- _What needs to be done_: Return all of the entries below, word for word. Omit each picture.

*** Listed records Section Begins ***

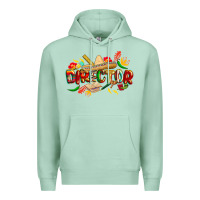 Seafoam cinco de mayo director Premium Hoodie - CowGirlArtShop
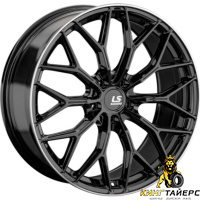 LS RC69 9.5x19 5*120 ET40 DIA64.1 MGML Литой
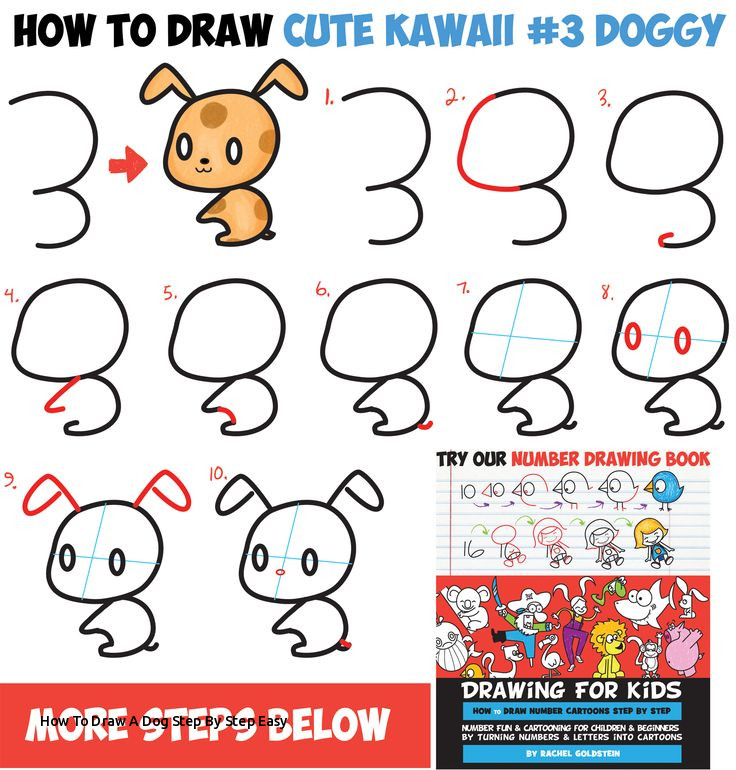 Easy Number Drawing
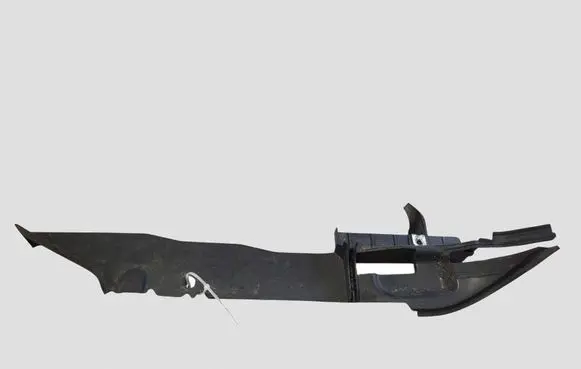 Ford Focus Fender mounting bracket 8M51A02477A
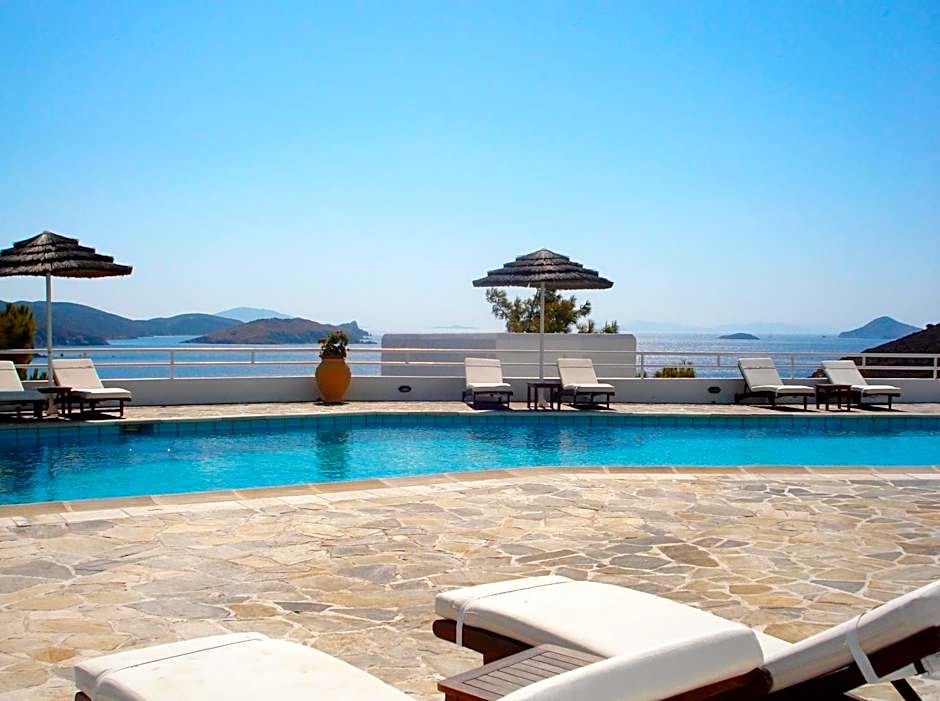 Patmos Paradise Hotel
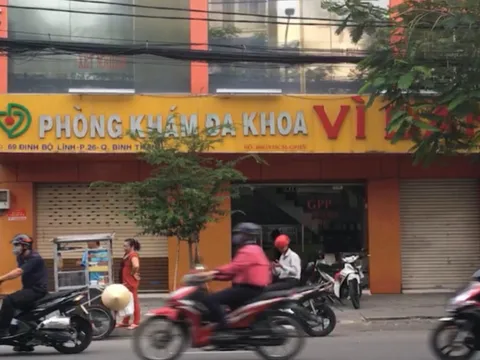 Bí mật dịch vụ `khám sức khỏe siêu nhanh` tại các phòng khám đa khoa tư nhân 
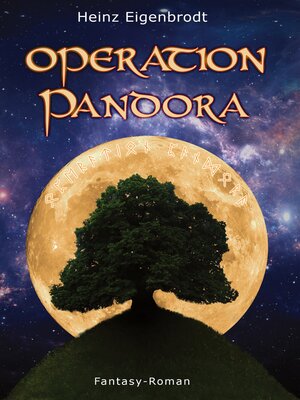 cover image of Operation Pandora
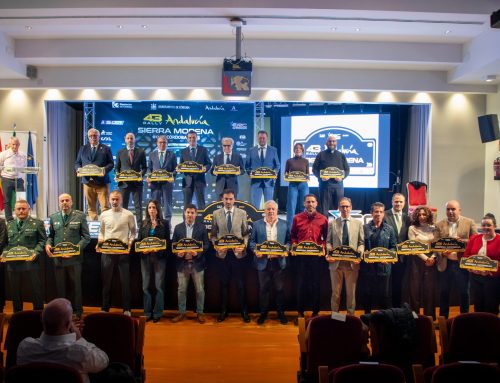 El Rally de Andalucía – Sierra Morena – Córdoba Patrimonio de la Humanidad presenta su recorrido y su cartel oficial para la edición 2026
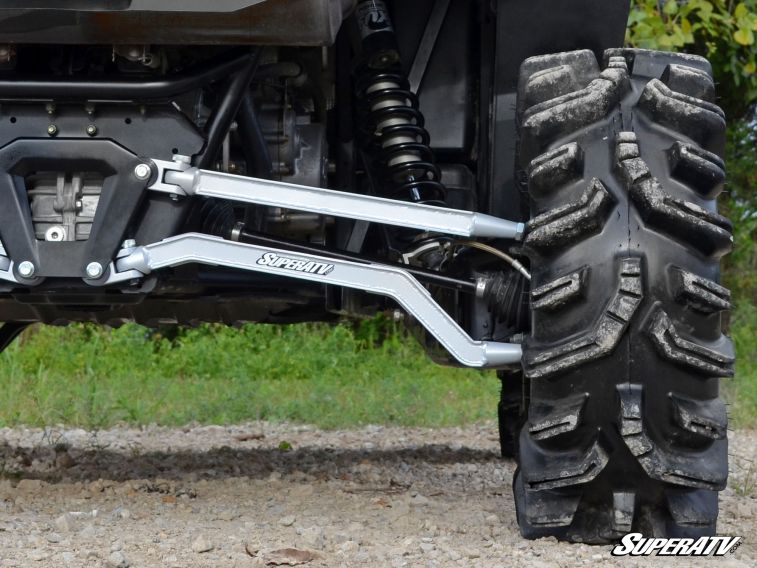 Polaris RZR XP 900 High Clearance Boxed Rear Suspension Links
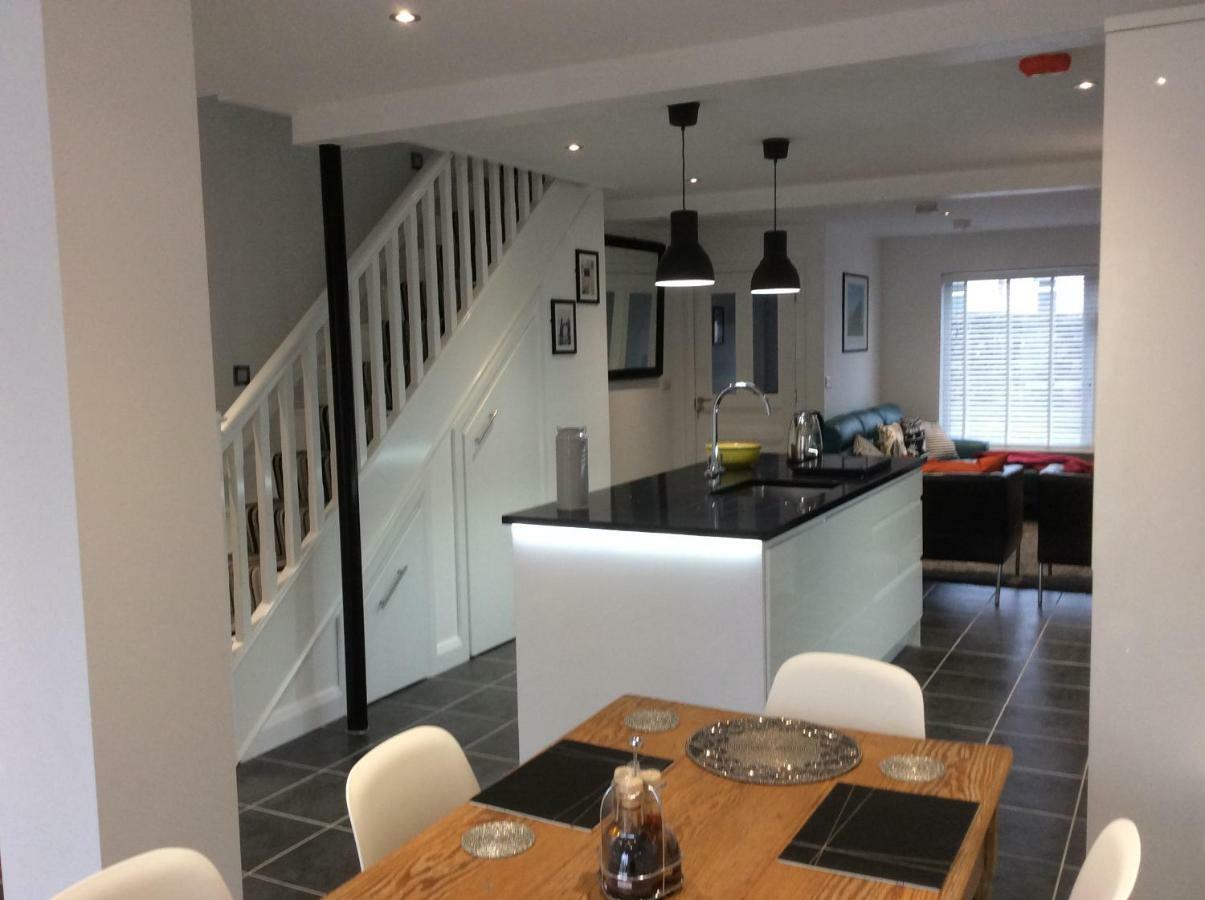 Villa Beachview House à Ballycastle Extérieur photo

*** Listed records Section Ends ***

- _Solution below_:
 Seafoam cinco de mayo director Premium Hoodie - CowGirlArtShop
 LS RC69 9.5x19 5*120 ET40 DIA64.1 MGML Литой
 Easy Number Drawing
 Ford Focus Fender mounting bracket 8M51A02477A
 Patmos Paradise Hotel
 Bí mật dịch vụ `khám sức khỏe siêu nhanh` tại các phòng khám đa khoa tư nhân 
 cover image of Operation Pandora
 El Rally de Andalucía – Sierra Morena – Córdoba Patrimonio de la Humanidad presenta su recorrido y su cartel oficial para la edición 2026
 Polaris RZR XP 900 High Clearance Boxed Rear Suspension Links
 Villa Beachview House à Ballycastle Extérieur photo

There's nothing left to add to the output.